Provided information START

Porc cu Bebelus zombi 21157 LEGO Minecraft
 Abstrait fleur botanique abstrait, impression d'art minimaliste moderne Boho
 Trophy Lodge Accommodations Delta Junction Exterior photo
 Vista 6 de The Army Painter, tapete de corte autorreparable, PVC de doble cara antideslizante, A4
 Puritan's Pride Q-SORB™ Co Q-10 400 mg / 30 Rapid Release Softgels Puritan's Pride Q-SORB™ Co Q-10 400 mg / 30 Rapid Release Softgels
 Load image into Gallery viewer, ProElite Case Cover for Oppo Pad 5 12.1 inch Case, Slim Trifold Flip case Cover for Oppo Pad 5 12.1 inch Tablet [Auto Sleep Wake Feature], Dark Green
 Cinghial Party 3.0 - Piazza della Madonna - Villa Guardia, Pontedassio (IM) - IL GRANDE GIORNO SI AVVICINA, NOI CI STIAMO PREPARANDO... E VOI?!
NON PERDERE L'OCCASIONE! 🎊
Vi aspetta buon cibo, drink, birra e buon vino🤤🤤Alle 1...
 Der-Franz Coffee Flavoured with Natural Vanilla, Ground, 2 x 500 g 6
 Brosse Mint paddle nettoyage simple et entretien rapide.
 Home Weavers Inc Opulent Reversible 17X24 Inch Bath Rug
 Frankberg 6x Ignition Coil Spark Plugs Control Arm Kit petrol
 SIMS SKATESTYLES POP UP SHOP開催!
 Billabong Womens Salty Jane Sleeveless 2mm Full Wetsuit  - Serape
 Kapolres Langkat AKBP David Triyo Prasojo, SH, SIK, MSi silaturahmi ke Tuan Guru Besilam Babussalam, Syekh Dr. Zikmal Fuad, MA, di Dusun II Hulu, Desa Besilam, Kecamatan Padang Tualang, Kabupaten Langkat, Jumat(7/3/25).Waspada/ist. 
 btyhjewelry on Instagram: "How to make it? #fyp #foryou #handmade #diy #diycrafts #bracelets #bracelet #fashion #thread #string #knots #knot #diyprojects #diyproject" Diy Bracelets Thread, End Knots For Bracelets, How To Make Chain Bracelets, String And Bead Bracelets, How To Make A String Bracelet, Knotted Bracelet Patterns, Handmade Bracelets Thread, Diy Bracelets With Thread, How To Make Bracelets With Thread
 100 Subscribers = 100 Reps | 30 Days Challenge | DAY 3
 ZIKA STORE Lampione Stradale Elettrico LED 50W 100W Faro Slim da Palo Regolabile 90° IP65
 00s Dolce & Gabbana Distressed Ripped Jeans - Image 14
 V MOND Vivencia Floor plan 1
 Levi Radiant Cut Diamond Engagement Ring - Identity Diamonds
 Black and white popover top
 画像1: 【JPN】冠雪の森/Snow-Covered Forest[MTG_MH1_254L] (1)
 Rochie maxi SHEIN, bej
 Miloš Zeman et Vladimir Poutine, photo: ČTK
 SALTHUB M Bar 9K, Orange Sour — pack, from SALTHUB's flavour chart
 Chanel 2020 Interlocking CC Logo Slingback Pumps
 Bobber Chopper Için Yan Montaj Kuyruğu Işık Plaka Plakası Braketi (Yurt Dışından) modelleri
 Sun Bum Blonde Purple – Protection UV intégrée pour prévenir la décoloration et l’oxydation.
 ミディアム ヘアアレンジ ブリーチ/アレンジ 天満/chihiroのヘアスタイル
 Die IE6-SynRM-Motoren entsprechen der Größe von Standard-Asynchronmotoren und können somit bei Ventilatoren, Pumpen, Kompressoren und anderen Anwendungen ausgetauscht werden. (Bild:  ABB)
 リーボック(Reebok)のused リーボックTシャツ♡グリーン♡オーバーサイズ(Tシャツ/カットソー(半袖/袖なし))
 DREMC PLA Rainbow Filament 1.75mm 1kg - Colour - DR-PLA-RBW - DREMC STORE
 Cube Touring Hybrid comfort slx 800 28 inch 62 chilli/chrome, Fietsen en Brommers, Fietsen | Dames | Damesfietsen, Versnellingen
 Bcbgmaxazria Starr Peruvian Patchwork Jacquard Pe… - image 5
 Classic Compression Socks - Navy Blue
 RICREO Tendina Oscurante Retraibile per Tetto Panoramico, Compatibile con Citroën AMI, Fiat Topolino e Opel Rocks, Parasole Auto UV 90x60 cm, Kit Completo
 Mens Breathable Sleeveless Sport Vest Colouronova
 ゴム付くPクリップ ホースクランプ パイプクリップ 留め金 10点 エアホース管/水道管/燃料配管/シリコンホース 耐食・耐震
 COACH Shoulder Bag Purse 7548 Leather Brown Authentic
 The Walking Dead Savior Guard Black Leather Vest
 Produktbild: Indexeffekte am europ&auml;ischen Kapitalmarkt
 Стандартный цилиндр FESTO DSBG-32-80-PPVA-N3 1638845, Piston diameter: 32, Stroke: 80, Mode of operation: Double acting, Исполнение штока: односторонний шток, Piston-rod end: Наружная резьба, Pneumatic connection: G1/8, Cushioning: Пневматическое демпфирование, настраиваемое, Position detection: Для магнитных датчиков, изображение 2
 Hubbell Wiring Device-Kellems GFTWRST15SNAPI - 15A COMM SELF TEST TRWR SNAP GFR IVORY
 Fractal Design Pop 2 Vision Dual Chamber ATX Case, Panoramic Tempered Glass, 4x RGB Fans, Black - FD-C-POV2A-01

Provided information END

Aim of the task> Search the entries for the word "Vest". Copy every line where it occurs.

Solution to the problem>
 Mens Breathable Sleeveless Sport Vest Colouronova
 The Walking Dead Savior Guard Black Leather Vest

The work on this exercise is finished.